2015
Dir: Danny Boyle
The Macintosh Man
Perhaps the single most influential person on our current digital age, a cinematic treatment of Steve Jobs’ life was sure to follow his early passing from cancer in 2011 at only fifty-six. In fact, this is already the second attempt to dispel the myths and allege a ‘true’ account of his life on film. The first out of the blocks, 2013’s Jobs starring Ashton Kutcher, suffered from poor critical reception and rejection by his Apple associates. This former poor-performing venture, and the watchful eye of those close to the man himself, only heap extra pressure on Danny Boyle’s system reboot.
A man with a fearsome reputation for ego-driven dictatorship and viewed in some quarters as the technological messiah should provide a rich standpoint from which to examine our burgeoning and rapidly expanding tech universe. Shouldn’t he? The job facing Boyle is ultimately to translate the conception and marketing of a new computer operating system into an engaging and exciting drama. It’s an ambitious program. Employing wordsmith Aaron Sorkin, the man who successfully converted the computer coded foundations of Facebook into the uniquely gripping and Oscar-winning thriller The Social Network (2010) brings on board the most appropriately qualified screenwriter to assist.

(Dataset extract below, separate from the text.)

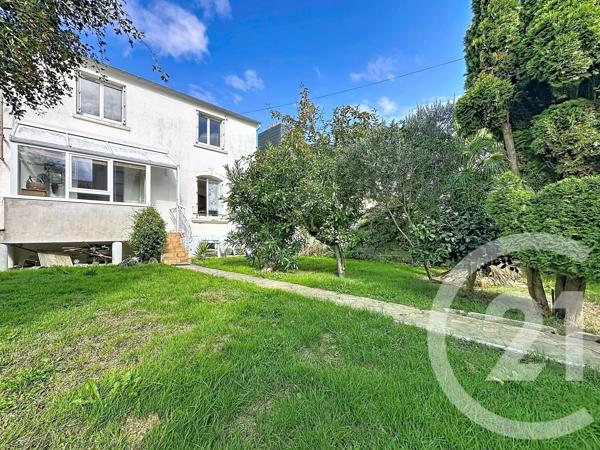 Maison à vendre  7 pièces - 114 m 2   BREST  - 29
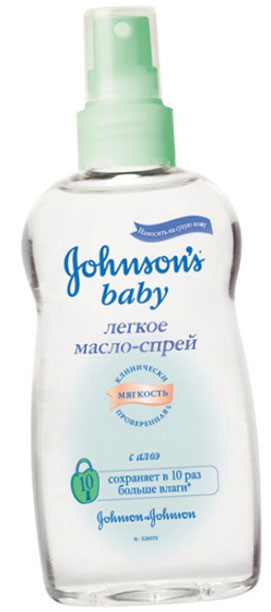 Johnson's baby -    200 1/6/12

Boyle’s familiar bold panache is present, but only fleetingly, mainly when the action skips forward in time to the next of the three product launches upon which the story hangs. Ingeniously, all the action takes place backstage, in the immediate run-up to these key announcements. Thus the drama takes place behind the curtain, against the backdrop of what is actually in front of the stage, namely the expectant and adoring crowds who fill the auditoria, unable to contain their giddy excitement. In trademark Sorkin style the movie revolves wholly around speech. Every utterance is rattled off, rapid-fire, rich, every scene comprising a two or three-handed dialogue. As a result the tone is deeply theatrical, emphasised by the canny inversion-of-stage set up. Fundamental plot points (Jobs’ and Steve Wozniak’s garage-bound inception of their early prototype, Jobs later being fired from the board) play out in similarly quick-fire flashbacks, induced by a moment of heightened anger, racing through the minds of the players, fuelling their passion.

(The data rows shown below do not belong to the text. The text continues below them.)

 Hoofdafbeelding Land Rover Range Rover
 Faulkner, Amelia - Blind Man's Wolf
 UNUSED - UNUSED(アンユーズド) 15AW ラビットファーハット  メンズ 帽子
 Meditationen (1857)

While Kutcher’s earlier portrayal was, in isolation, acclaimed, man of the moment Michael Fassbender’s dissimilarity to Jobs is problematic. We are constantly reminded that we are watching an actor at work, rather than simply accepting and investing in the character. That his personality was ‘difficult’ is depicted plainly, never sensationalised. The only themes to recur through all three acts are his denial of paternal responsibility and his refusal to acknowledge the team behind the Apple II, the computer that launched the company. Someone so driven, so convinced of his own radical vision at the expense of all others would never win friends easily. His relationship with Wozniak (Seth Rogen) slowly atrophies while Kate Winslet expertly relays the remarkable resilience of his persistently patient P.A. But the tone is never disapproving, and even ends on a note of (ambiguously presented) praise.
What remains is a story that is interesting, but little more. Despite Boyle’s flamboyant touch, this is an inevitably dry affair. It always feels too script heavy, too lacking in action to win over the mainstream audience. But as I write this in a café dotted with the white luminescence of MacBooks and iPhones, the company that Jobs founded is by far the biggest global brand, dwarfing rivals Microsoft, Google and Facebook. How its uncompromising leading light laid the groundwork for that dominance feels an important story to tell. It opens with Jobs angrily demanding that the 1984 Macintosh says “hello”, a powerfully symbolic counteraction of the inherent and alienating coldness of technology. This need to make the high-tech world welcoming, user-friendly, compensated by cuddliness in order to win human acceptance has become the defining marketing style of our online era. Earlier advertising that aligned Jobs and his company with visionaries like Einstein, Picasso and Gandhi may seem arrogant with hindsight. But we all now live in the world that perhaps only Steve Jobs foresaw. This aloof, cold-blooded picture would seem to be a fitting portrait.
★ ★ ★
Rather than a movie, I felt like I was watching a play adapted for the screen. The ‘behind the curtain’ action suggested this too.